BEGIN RAW DATA
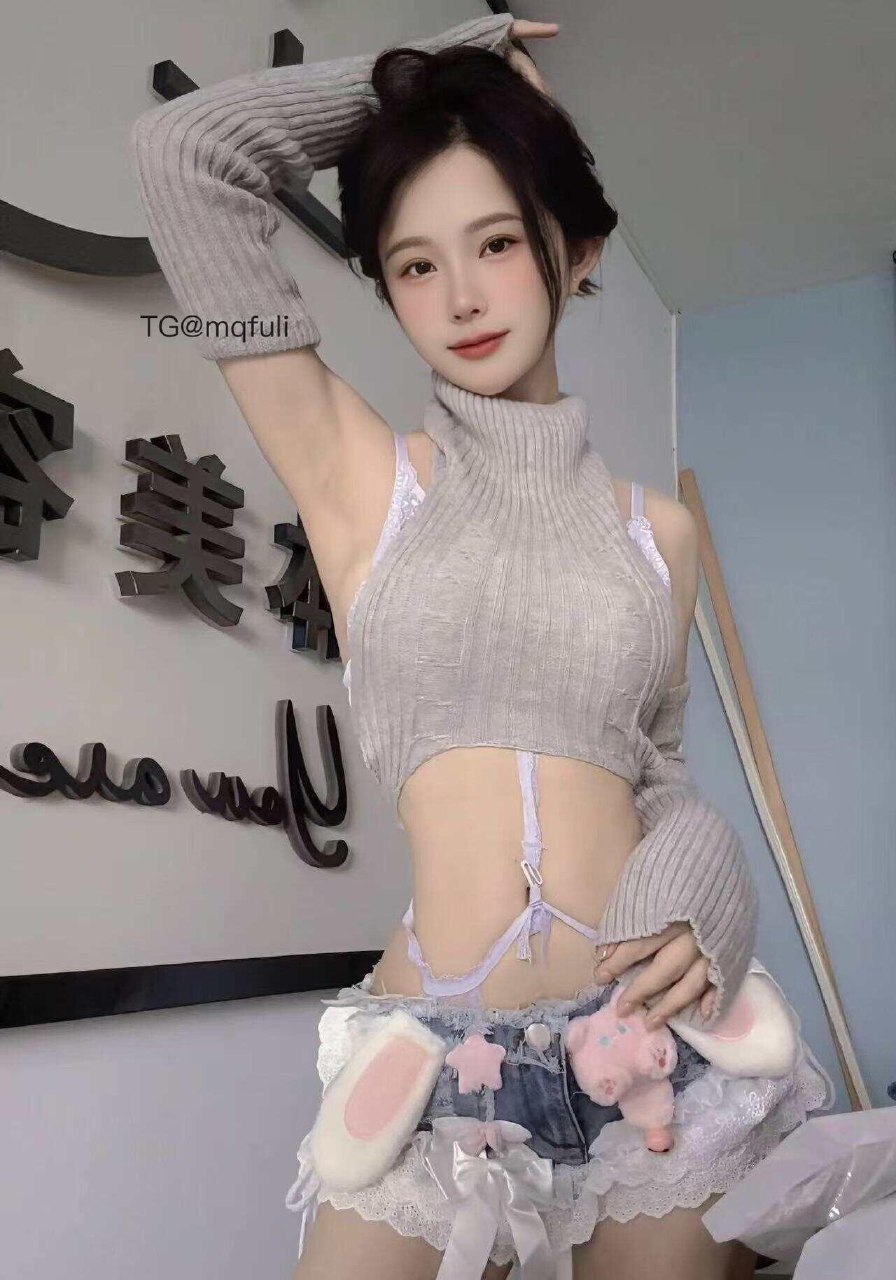 财神爷的心尖尖 2025-05-28 03:55:22 你对我的欲望越来越明显了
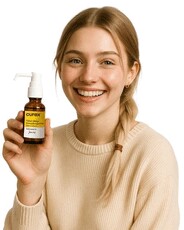 curexallergydrops's picture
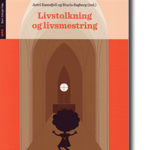 Livstolking og livsmestring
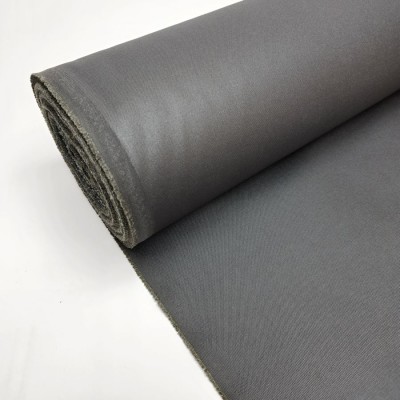 Ткань Кордура  / Cordura 1000D, Южная Корея, Серый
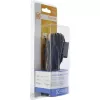 Cable RJ-11 Schwaiger 10m TAE-N Black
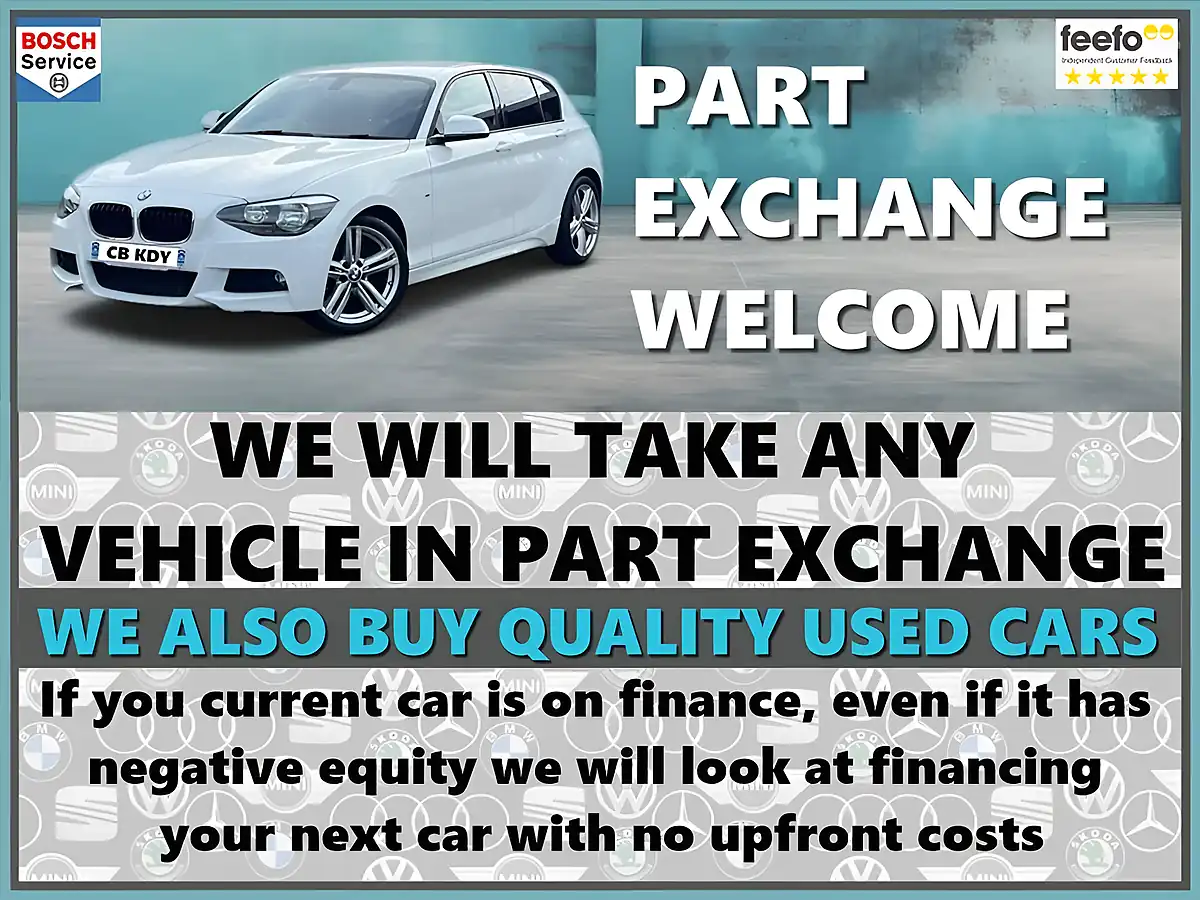 Used 2022 BMW I3 S Blue - Interior and Exterior details 16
END RAW DATA
[TASK OBJECTIVE]: The result is an exact copy of the lines from the one holding "Южная Корея, Серый" through the final line of the data above, both ends included, minus the pictures.

[SOLVED PROBLEM]:
 Ткань Кордура  / Cordura 1000D, Южная Корея, Серый
 Cable RJ-11 Schwaiger 10m TAE-N Black
 Used 2022 BMW I3 S Blue - Interior and Exterior details 16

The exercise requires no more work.